Tory hypocrisy on free speech

Submitted by SJW on 16 January, 2018 - 7:11 Author: Ben Tausz
Berkeley Free Speech

On 26 December the Universities Minister Jo Johnson announced plans that he claims will protect free speech on campuses, including potential fines on universities.

This is the conservative right’s latest broadside against student movement “no platform” policies.

We disagree with the ways “no platform” policies have been applied by some on the left. A legitimate self-defence tactic against organised, physically violent groups such as fascists has, in some cases, been overstretched in ways that are both futile and undemocratic.

But the government’s move is cynical nonsense. We argue to change no-platform policies democratically. This sort of interference in unions violates our freedom to organise: it’s for members, not the government, to decide on their unions’ political activities.

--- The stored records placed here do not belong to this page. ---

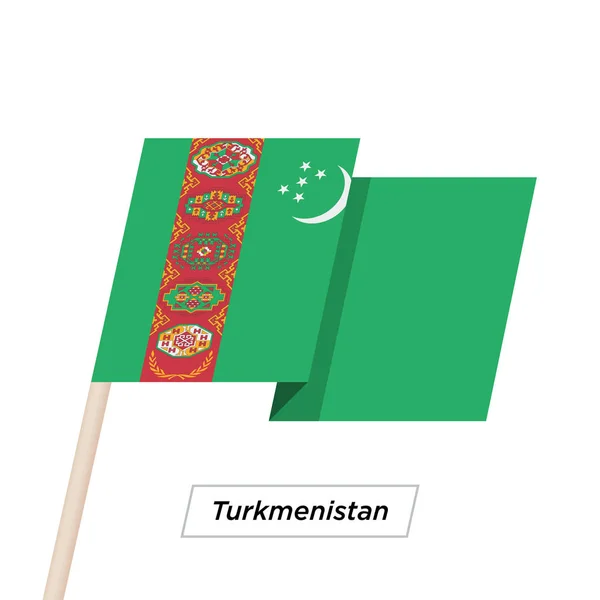 Cinta de Turkmenistán ondeando la bandera aislada en blanco. Ilustración vectorial . — Vector de stock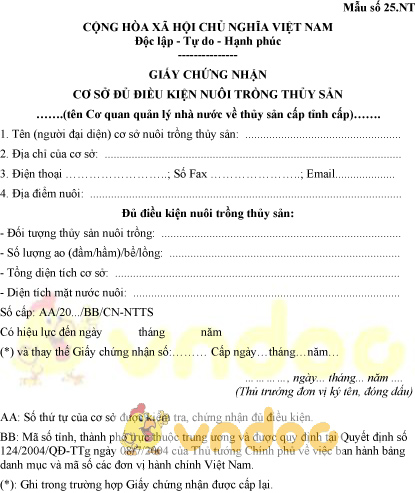 Mẫu số 25.NT: Giấy chứng nhận cơ sở đủ điều kiện nuôi trồng thủy sản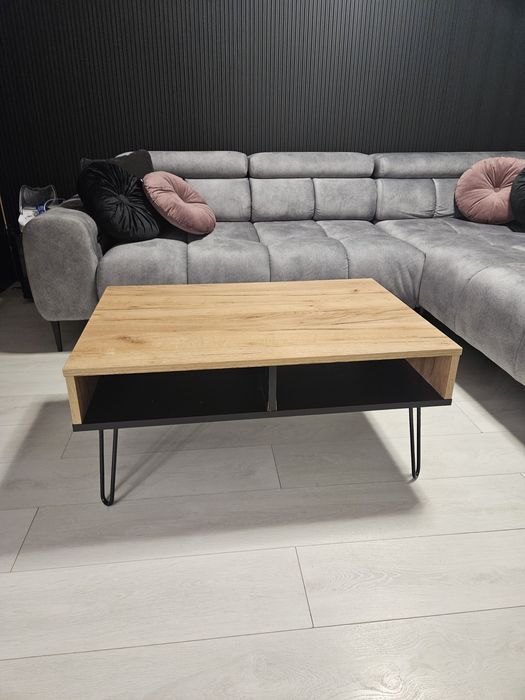 Stolik kawowy w kolorze dębu metalowe nogi Loft nowoczesny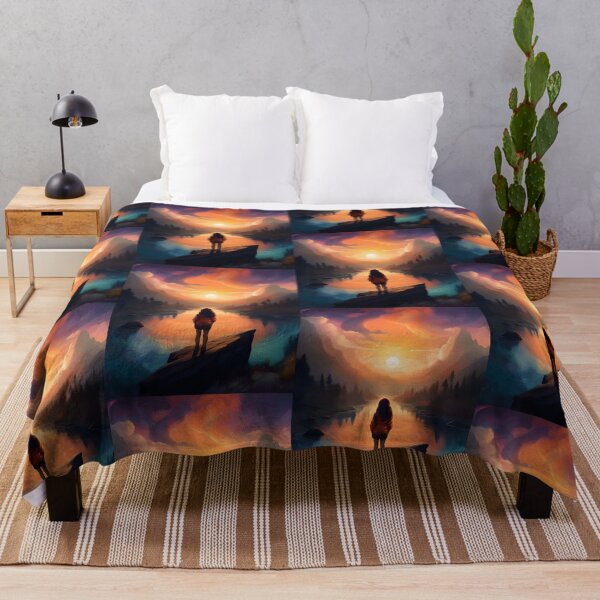 Item preview, Vertical drawing of a girl looking at the moon at sunset designed and sold by Diwi Zuli.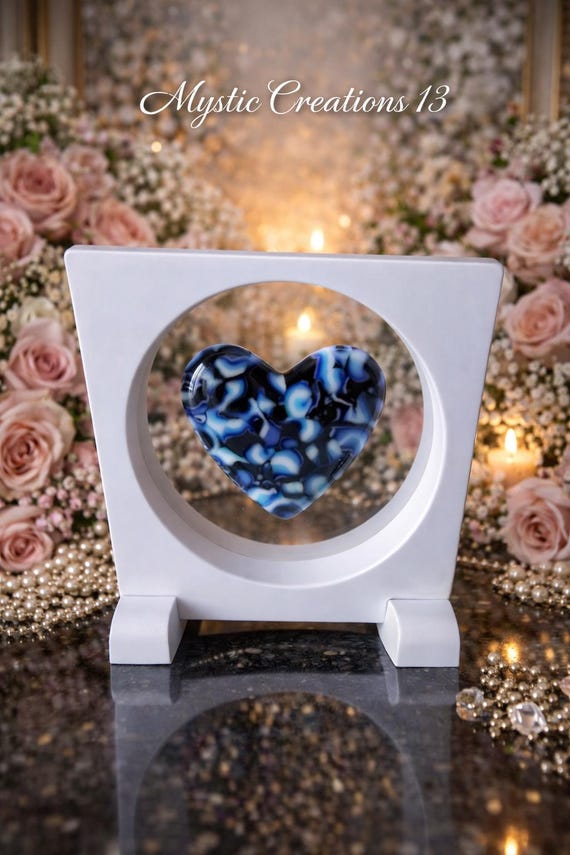 Floating Fused Glass Heart Framed Elegantly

The hypocrisy runs still deeper. By far the biggest restrictions on free speech and political rights on campuses come from the state and managers. While the government rails against “ban-happy” leftists, it forces universities to impose mountains of bureaucracy that hassle and obstruct students who want to invite speakers and organise discussions. This is supposedly to ensure bigots don’t get a platform! The difference? The speakers targeted by the government are disproportionately Muslims. Whether the Tories think you deserve the right to air “controversial” views seems to depend mainly on your religion and the colour of your skin (a privately-educated accent also helps).

Beyond this, discriminatory Prevent policies create a chilling effect against Muslim students and radical activists; marketising reforms suffocate academic freedom; decades of anti-union laws infringe the democratic rights of student and trade unions; and authoritarian college and university managers crack down on simple things like political stalls and posters while enacting vicious intimidation and victimisation against student and trade union campaigners.

Bosses claiming to be protecting open debate have interfered extensively in student and staff-organised events: for instance, barring left-wingers from holding meetings unless they accept right-wing speakers and management-appointed chairs, for “balance”. And self-styled champions of liberty rail against left-wing campaigners who have the nerve to organise demonstrations against what they have to say: the right to speak is re-cast as the right not to face criticism or protest.

The left’s shortcomings on the issue must not blind anyone to the reality that the right-wing, the state and the ruling class are not serious or consistent champions of free speech. Every advance of political freedom in history has been secured through struggle: from below and from the left. Conservatives have latched onto no-platforming as a convenient excuse to attack leftists and deflect criticism and protest against their bigotries.

It’s up to us to fight off their cynical opportunism and build a real campaign to defend and extend political freedoms.